Dopo la decisione del TAR Lazio, l’equipaggio dell’Ong ha fatto sapere: “Ci dirigiamo verso il porto sicuro più vicino (Lampedusa, ndr) in modo che i diritti delle 147 persone, da 13 giorni sul ponte della nostra nave, vengano garantiti”.

Secondo il TAR del Lazio vi è una “situazione di eccezionale gravità ed urgenza” dovuta alla permanenza da diversi giorni in mare dei 147 naufraghi a bordo.

“Siamo lieti di constatare come, ancora una volta, dopo il Tribunale per i Minori, anche il Tar abbia ritenuto di dover intervenire per tutelare la vita e la dignità delle persone – sottolinea la “Open Arms” – e abbia riconosciuto le ragioni della nostra azione in mare, ribadendo la non violabilità delle Convenzioni internazionali e del diritto del mare”.

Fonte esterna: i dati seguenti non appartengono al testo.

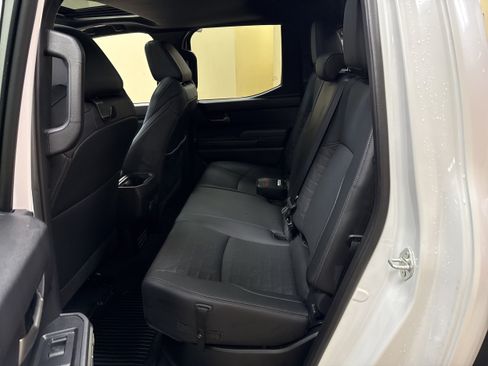 Used 2024 Toyota Tacoma TRD Sport w/ TRD Sport Premium Package AWD/4WD image 7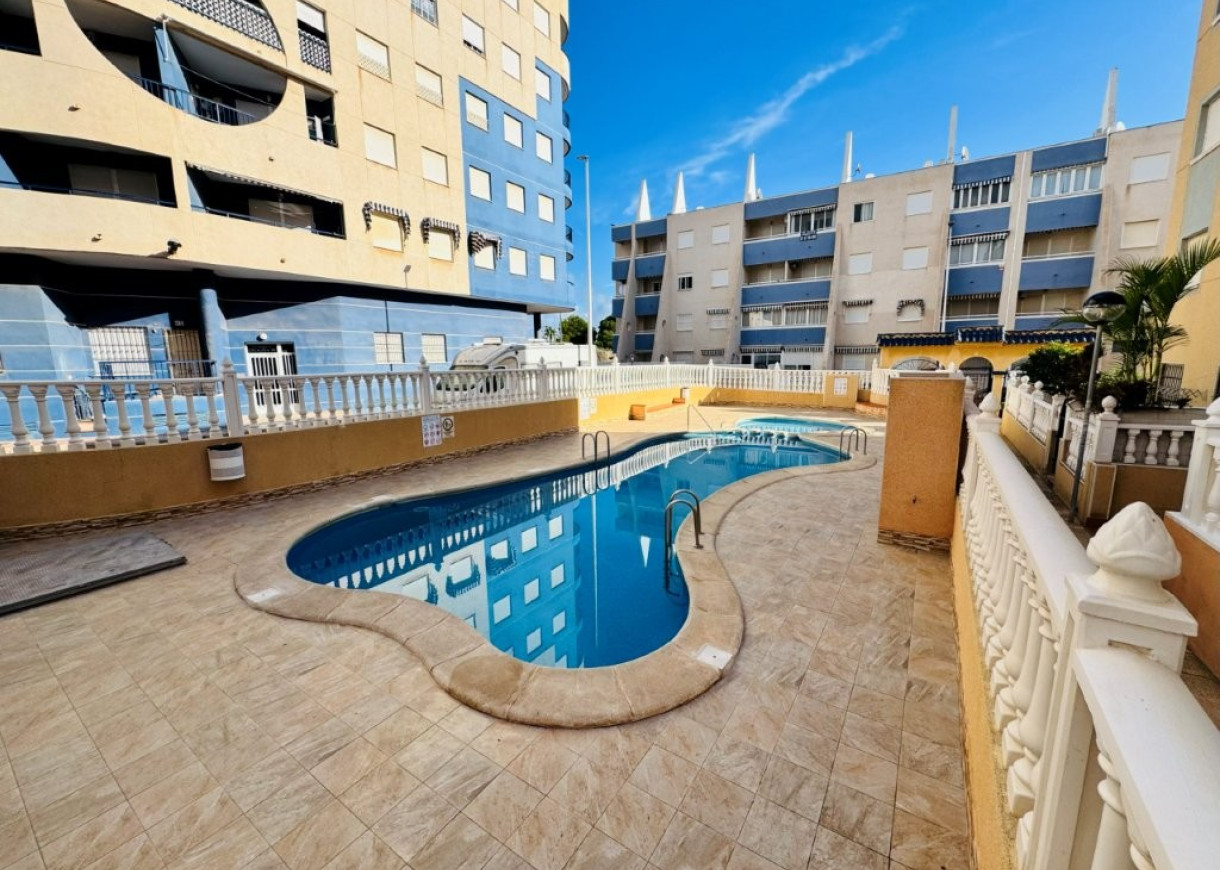 Resale - Apartment - La Mata - Torrevista Playa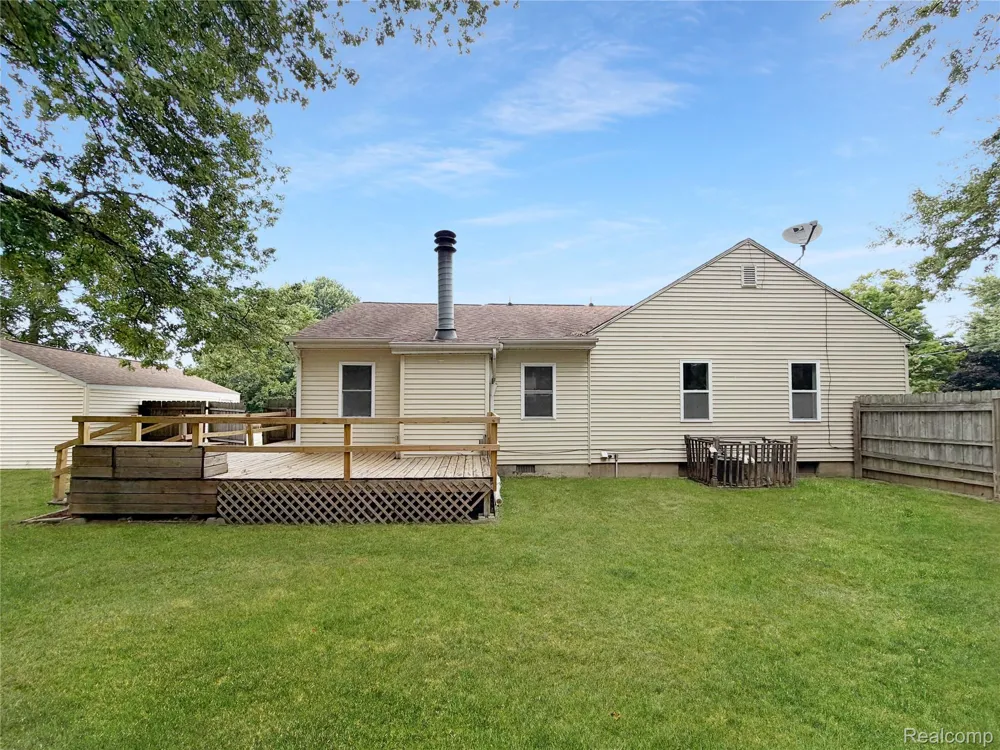 1380 Audrey Street Burton City, MI 48509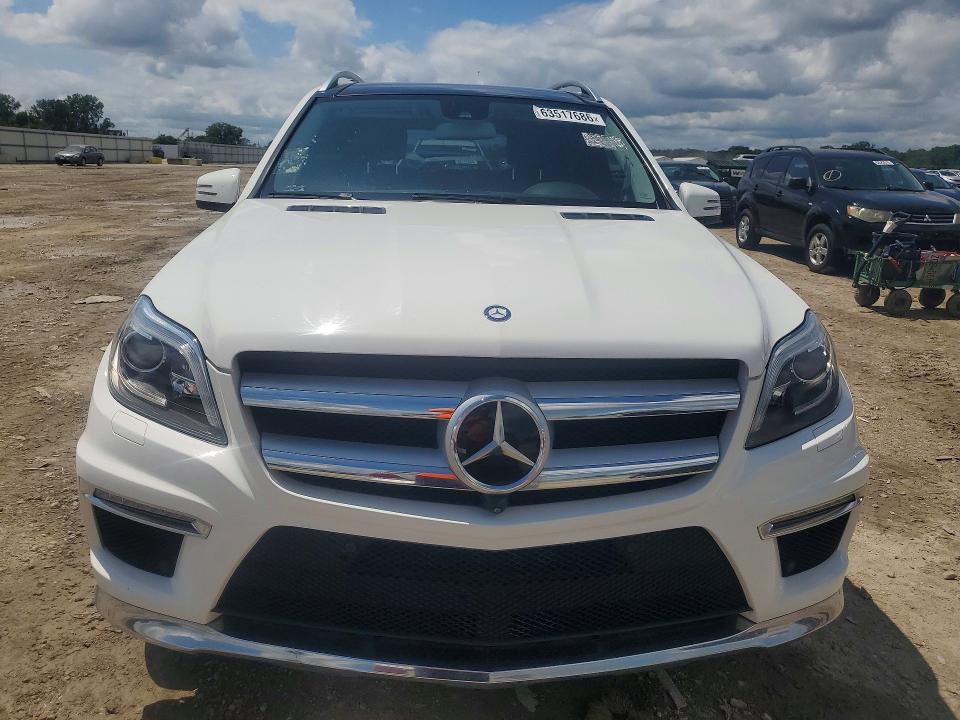 Продажа на аукционе авто 2015 Mercedes-benz Gl, vin: 4JGDF7DE0FA448347, номер лота: 63517686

Nel testo della decisione, dopo il ricorso presentato dalla nave Ong avverso il provvedimento del Ministero dell’Interno, di concerto con il Ministro della Difesa e con il Ministro dei Trasporti, che vieta l’ingresso della nave nel “mare territoriale nazionale”, si legge: “Sicuramente sussiste, alla luce della documentazione prodotta (medical report, relazione psicologica, dichiarazione capo missione), la prospettata situazione di eccezionale gravità ed urgenza, tale da giustificare la concessione – nelle more della trattazione dell’istanza cautelare nei modi ordinari – della richiesta tutela cautelare monocratica, al fine di consentire l’ingresso della nave Open Arms in acque territoriali italiane”. Il tribunale poi chiede di “prestare l’immediata assistenza alle persone soccorse maggiormente bisognevoli, come del resto sembra sia già avvenuto per i casi più critici”.

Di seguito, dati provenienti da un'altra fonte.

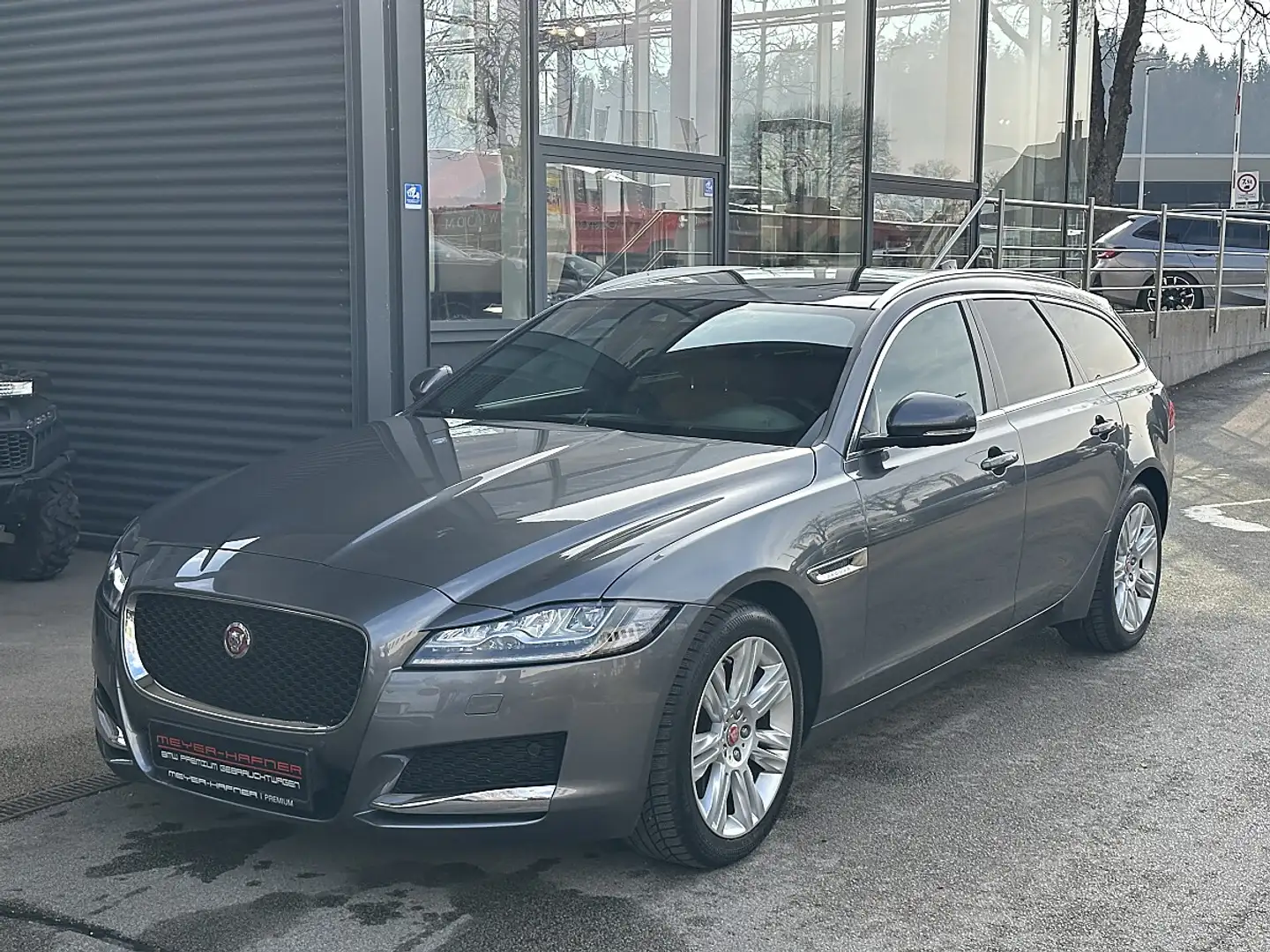 Jaguar XF Sportbrake 25d AWD R-Sport Aut. !!!B2B!!! Grau - 1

“Alla luce della documentazione prodotta “medical report e relazione psicologica” e “della prospettata situazione di eccezionale gravità ed urgenza” si giustifica “la concessione della richiesta” per “consentire l’ingresso della nave Open Arms in acque territoriali italiane e quindi di prestare l’immediata assistenza alle persone soccorse maggiormente bisognevoli”. E’ quanto rileva, stando a quanto riporta l’Ansa, il Tar del Lazio accogliendo il ricorso di Open Arms e sospendendo il divieto di ingresso in acque italiane.

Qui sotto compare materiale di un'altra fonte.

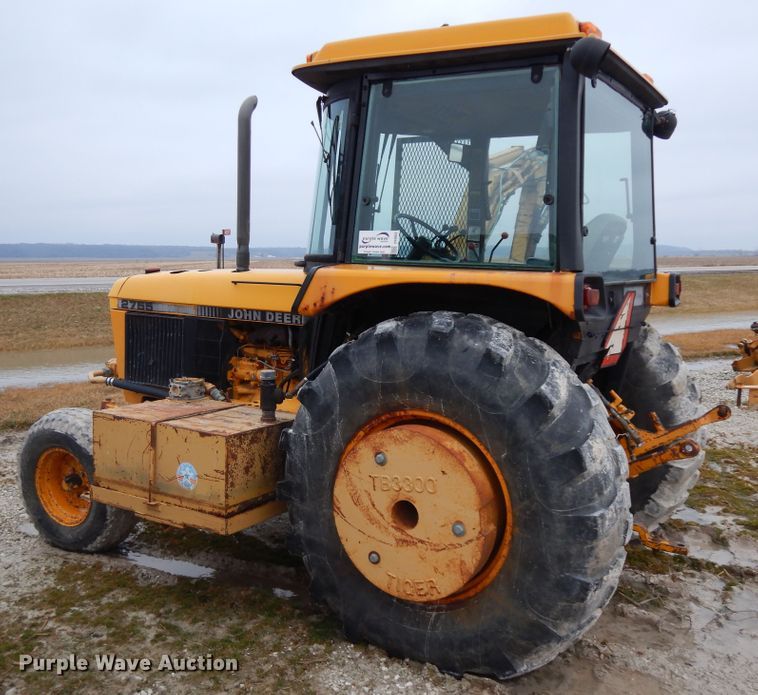 image for item DF6652 1994 John Deere 2755 tractor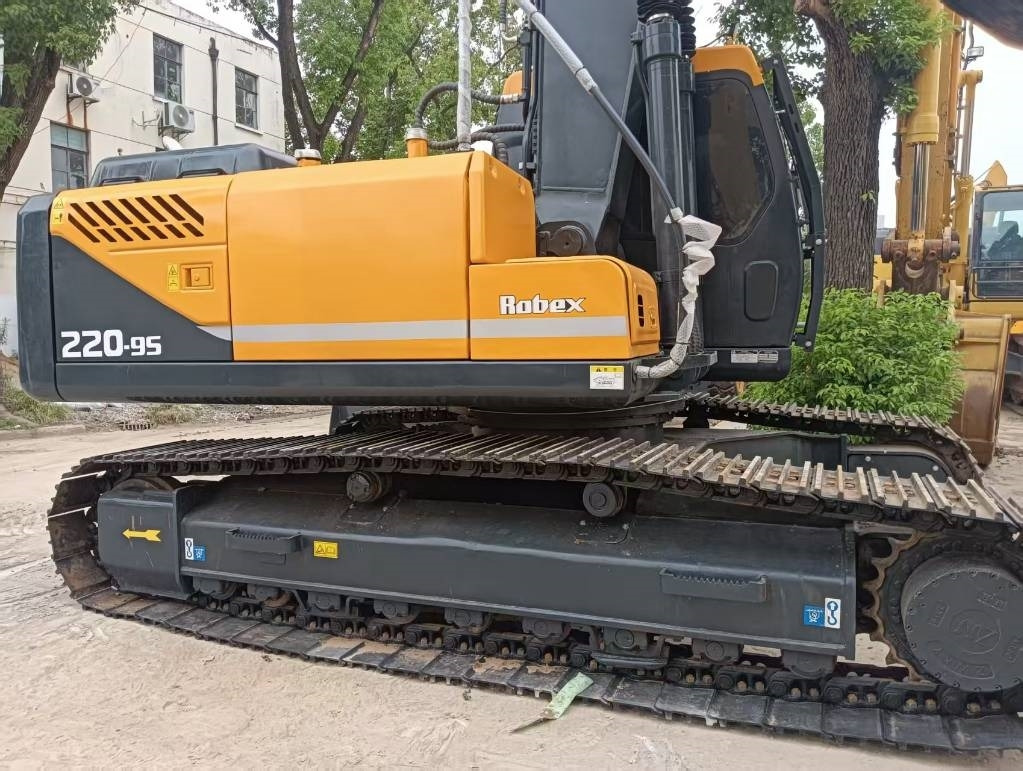 Crawler excavator Hyundai 220 LC-9S: picture 6 Crawler excavator Hyundai 220 LC-9S: picture 6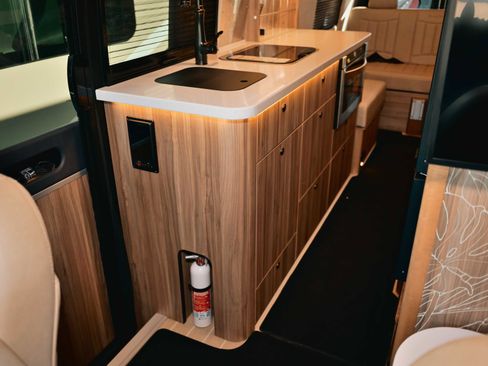 Used 2022 Mercedes-Benz Sprinter 3500 image 13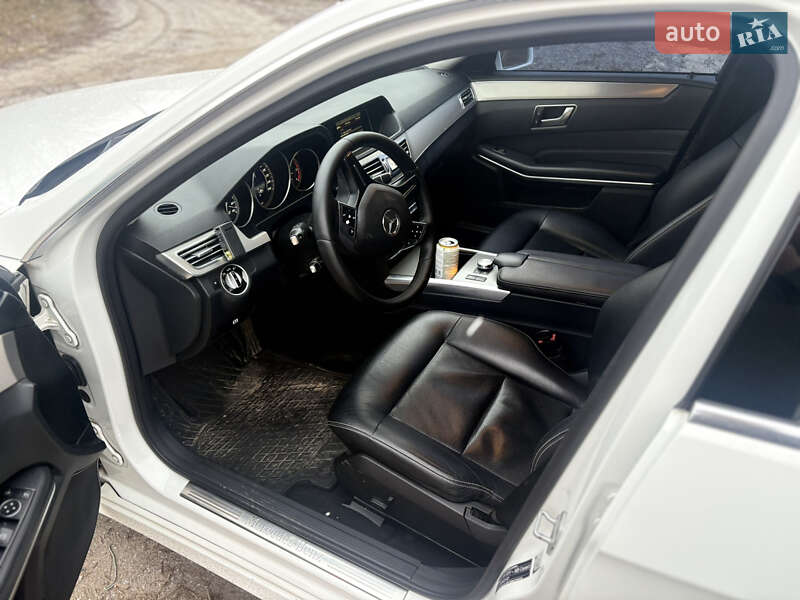 Седан Mercedes-Benz E-Class 2014 в Киеве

Il Tar – secondo quanto detto dalla Ong – avrebbe disposto la sospensione del divieto non solo per la violazione delle normative internazionali ma anche evidenziando una “situazione di eccezionale gravità ed urgenza” dovuta alla permanenza da diversi giorni in mare dei 147 naufraghi a bordo.

Appresa la notizia, secca la replica del ministro dell’Interno, Matteo Salvini: “C’è un disegno per tornare indietro ed aprire i porti italiani, per far tornare l’Italia ad essere il campo profughi d’Europa. Ditemi se è normale che una nave Ong spagnola in acque maltesi si rivolga ad un avvocato di un tribunale amministrativo per chiedere di sbarcare sulle nostre coste! Nelle prossime ore firmerò il mio NO perché complice dei trafficanti non voglio essere”.